Task instructions: Although the data below holds other lines too, output only those from the line with "2025 Mazda CX-30 GT 2025 Mazda CX-30 GT" up to and including the line with "Thunderbrooks Cranberry Fruit", exactly as they appear.

Records from a collection:
..........
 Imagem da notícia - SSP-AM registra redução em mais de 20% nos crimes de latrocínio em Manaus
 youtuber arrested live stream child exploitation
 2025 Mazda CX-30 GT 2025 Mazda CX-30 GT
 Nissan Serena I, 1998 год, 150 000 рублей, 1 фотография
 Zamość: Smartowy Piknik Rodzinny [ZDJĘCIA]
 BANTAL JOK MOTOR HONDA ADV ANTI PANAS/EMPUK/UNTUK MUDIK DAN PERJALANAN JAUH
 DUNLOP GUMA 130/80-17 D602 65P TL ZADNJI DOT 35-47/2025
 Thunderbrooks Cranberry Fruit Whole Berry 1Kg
..........
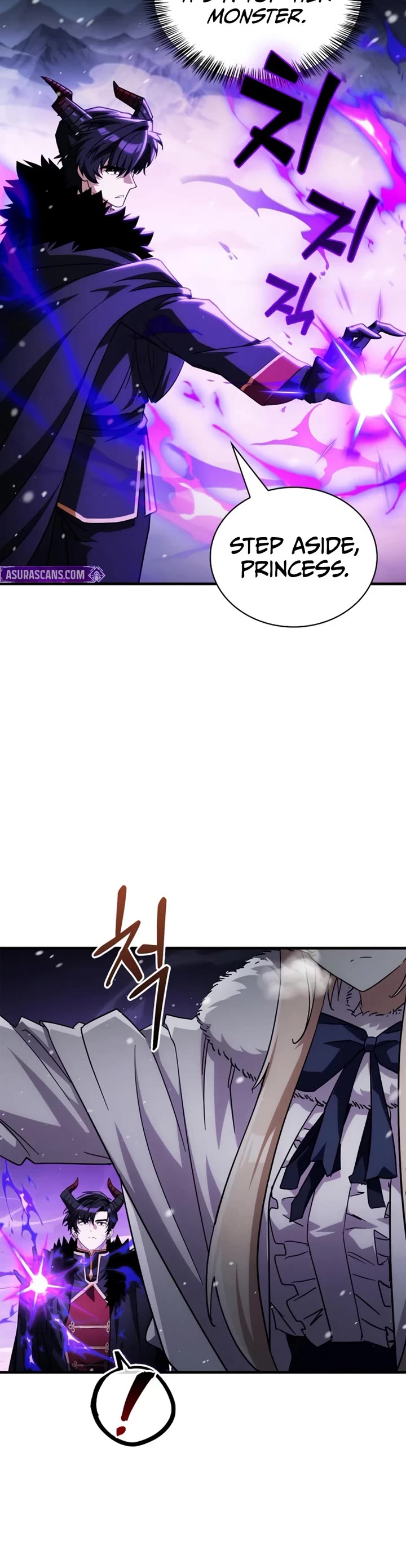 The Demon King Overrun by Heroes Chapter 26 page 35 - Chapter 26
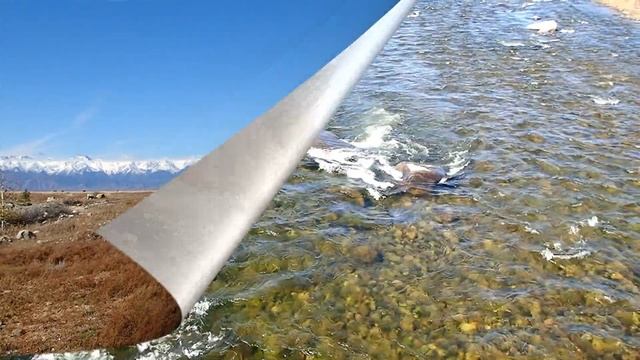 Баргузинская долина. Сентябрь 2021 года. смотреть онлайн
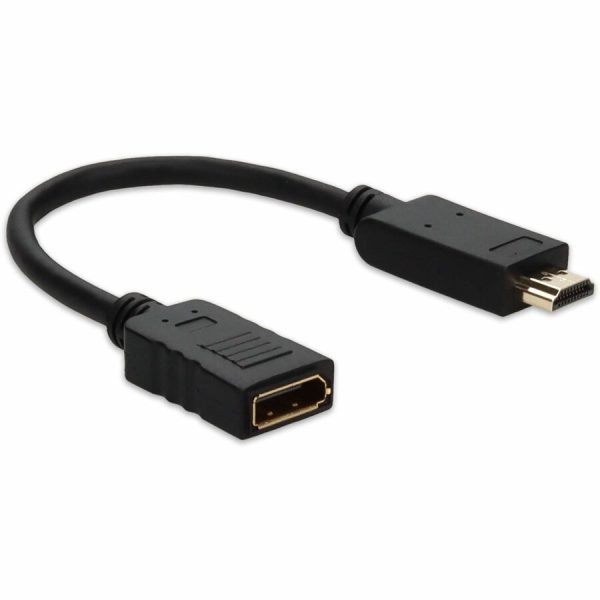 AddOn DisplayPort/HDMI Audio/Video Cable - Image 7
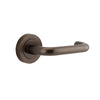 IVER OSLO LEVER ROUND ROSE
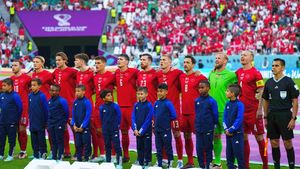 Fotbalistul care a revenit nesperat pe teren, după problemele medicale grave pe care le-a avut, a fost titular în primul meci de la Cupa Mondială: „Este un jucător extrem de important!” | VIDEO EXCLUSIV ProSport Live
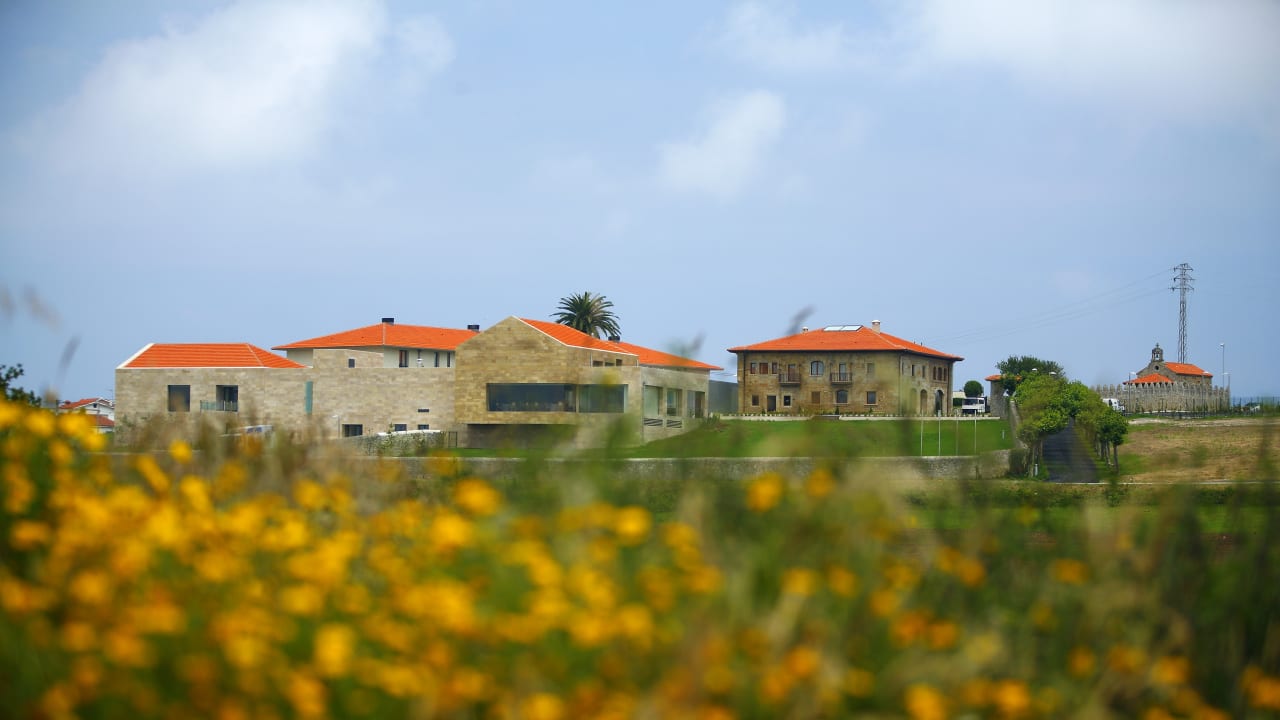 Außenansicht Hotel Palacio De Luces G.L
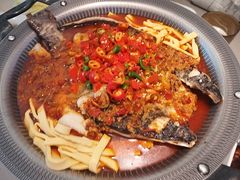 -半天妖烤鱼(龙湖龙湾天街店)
..........
Your solution:
 2025 Mazda CX-30 GT 2025 Mazda CX-30 GT
 Nissan Serena I, 1998 год, 150 000 рублей, 1 фотография
 Zamość: Smartowy Piknik Rodzinny [ZDJĘCIA]
 BANTAL JOK MOTOR HONDA ADV ANTI PANAS/EMPUK/UNTUK MUDIK DAN PERJALANAN JAUH
 DUNLOP GUMA 130/80-17 D602 65P TL ZADNJI DOT 35-47/2025
 Thunderbrooks Cranberry Fruit Whole Berry 1Kg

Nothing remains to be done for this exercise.